As Syrian fighting intensifies in Syria, diplomatic efforts are also heating up.
U.S. Secretary of State Hillary Clinton, Russia’s Foreign Minister Sergei Lavrov and the main international envoy to Syria were all in Dublin, Ireland, for an international gathering Thursday. The meeting came as Syria’s opposition tries to get better organized to offer a real alternative to President Bashar Assad’s regime.
The U.N. and Arab League envoy, Lakhdar Brahimi, says there were no “sensational decisions” made at the talks in Dublin. But at least the U.S. and Russia are looking for, as he put it, creative solutions.
Before the talks, Clinton also struck a relatively positive tone.
“We have been trying hard to work with Russia to stop the bloodshed in Syria and start a political transition toward a post-Assad Syrian future. And we very much support what Lakhdar Brahimi is trying to do,” she said.
The U.S. and Russia have both raised concerns about the status of Syria’s chemical weapons stocks this week, and Clinton says both realize how quickly things are changing on the ground.
“Events on the ground in Syria are accelerating and we see that in many different ways the pressure against the regime in and around Damascus seems to be increasing,” she said.
Up to now, Russia has used its position on the U.N. Security Council to shield Assad’s regime. But a French diplomat says the Russian position has been evolving in recent months.
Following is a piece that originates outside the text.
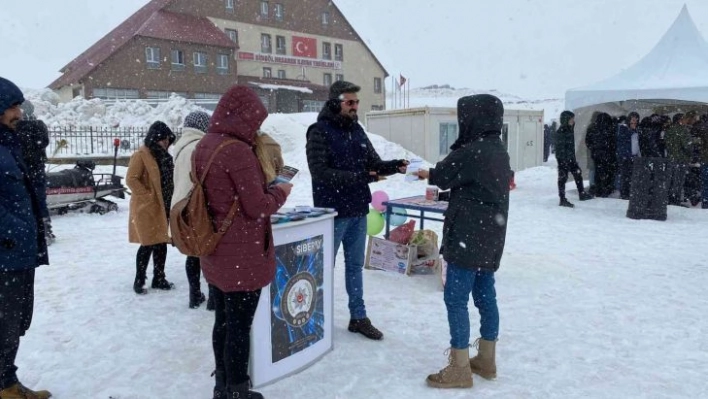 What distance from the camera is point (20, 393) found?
132 inches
The official, who asked not to be named, says the Russians understand that Assad can’t win this.
That’s also the assessment of Murhaf Jouejati, a Syrian exile who teaches at the National Defense University in Washington, D.C.
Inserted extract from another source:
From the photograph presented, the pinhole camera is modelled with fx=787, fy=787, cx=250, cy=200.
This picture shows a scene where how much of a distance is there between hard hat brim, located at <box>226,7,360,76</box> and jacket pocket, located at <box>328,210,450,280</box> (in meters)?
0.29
“So it does look like the Assad regime is going to be over soon, it’s going to collapse … fairly soon,” Jouejati says. “If that is the case, if my assumption is right, that would at least in part explain a more moderate Russian position on Syria.”
But Russia does have many concerns, says one expert, Yevgeny Satanovsky, who runs the Moscow Institute for Middle Eastern Studies in Moscow.
“We don’t support Basher al-Assad — he’s normal for this region — [a] dictator,” Satanovsky says. “But the understanding that radical Islamism is not better than authoritarian leaders is, in Russia, absolutely clear.”
The U.S. argues that radical Islamists make up only a small percentage of the rebel fighters in Syria, though the numbers are increasing as the conflict drags on.
The State Department is expected to announce soon that it will put one al-Qaida affiliate, Jabhat al-Nusra, on a terrorism blacklist — a signal to secular opposition figures to keep their distance.
At the same time, the U.S. is planning to give a boost to opposition figures it prefers by recognizing the newly formed opposition coalition, the Syrian National Coalition. That’s according to Jouejati of the National Defense University.
“The coalition is in the midst of putting together a transitional government, it has been recognized by several foreign governments and I think Washington is pleased with what it is seeing,” he says says. “And I think fairly soon the Syrian National Coalition is going to be recognized by the United States as ‘the legitimate representative of the Syrian people.'”
Jouejati expects that to happen next week in Morocco, at the so-called Friends of Syria meeting. France is already funneling aid to the opposition coalition and the rebels hope that the U.S. and others will do that as well to show that there is an alternative to the Assad government.